(The task):
Find each line below that includes "Cotton", then copy it.

**** Dataset entries

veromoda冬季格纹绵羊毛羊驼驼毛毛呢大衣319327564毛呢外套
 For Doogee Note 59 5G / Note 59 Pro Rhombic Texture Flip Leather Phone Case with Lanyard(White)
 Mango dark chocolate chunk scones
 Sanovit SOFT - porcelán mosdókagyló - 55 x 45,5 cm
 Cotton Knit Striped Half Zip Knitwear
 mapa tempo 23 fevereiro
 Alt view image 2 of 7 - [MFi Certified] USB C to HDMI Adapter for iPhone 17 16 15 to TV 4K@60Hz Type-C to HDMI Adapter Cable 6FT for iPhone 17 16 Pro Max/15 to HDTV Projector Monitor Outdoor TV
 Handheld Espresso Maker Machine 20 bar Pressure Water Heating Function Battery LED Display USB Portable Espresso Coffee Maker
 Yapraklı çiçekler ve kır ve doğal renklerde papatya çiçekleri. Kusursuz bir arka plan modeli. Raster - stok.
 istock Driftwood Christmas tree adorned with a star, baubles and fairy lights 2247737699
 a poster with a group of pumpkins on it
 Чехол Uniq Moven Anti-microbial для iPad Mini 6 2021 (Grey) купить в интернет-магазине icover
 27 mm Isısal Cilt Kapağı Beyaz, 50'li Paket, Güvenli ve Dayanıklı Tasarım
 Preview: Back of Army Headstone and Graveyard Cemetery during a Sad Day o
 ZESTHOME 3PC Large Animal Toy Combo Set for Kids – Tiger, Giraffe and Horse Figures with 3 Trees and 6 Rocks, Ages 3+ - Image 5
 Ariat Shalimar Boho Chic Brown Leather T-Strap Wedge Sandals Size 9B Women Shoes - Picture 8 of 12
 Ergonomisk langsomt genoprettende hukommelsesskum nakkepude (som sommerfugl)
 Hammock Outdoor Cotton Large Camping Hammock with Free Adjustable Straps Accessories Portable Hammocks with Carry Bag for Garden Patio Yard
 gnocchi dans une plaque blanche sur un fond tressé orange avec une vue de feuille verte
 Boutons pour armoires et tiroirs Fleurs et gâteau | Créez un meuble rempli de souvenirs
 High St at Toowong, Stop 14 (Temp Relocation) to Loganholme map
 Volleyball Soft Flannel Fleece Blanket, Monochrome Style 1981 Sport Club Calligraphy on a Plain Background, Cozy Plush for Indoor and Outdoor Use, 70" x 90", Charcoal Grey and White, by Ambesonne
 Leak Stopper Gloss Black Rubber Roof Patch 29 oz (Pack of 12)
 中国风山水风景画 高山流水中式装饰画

********

(Exercise answer):
 Cotton Knit Striped Half Zip Knitwear
 Hammock Outdoor Cotton Large Camping Hammock with Free Adjustable Straps Accessories Portable Hammocks with Carry Bag for Garden Patio Yard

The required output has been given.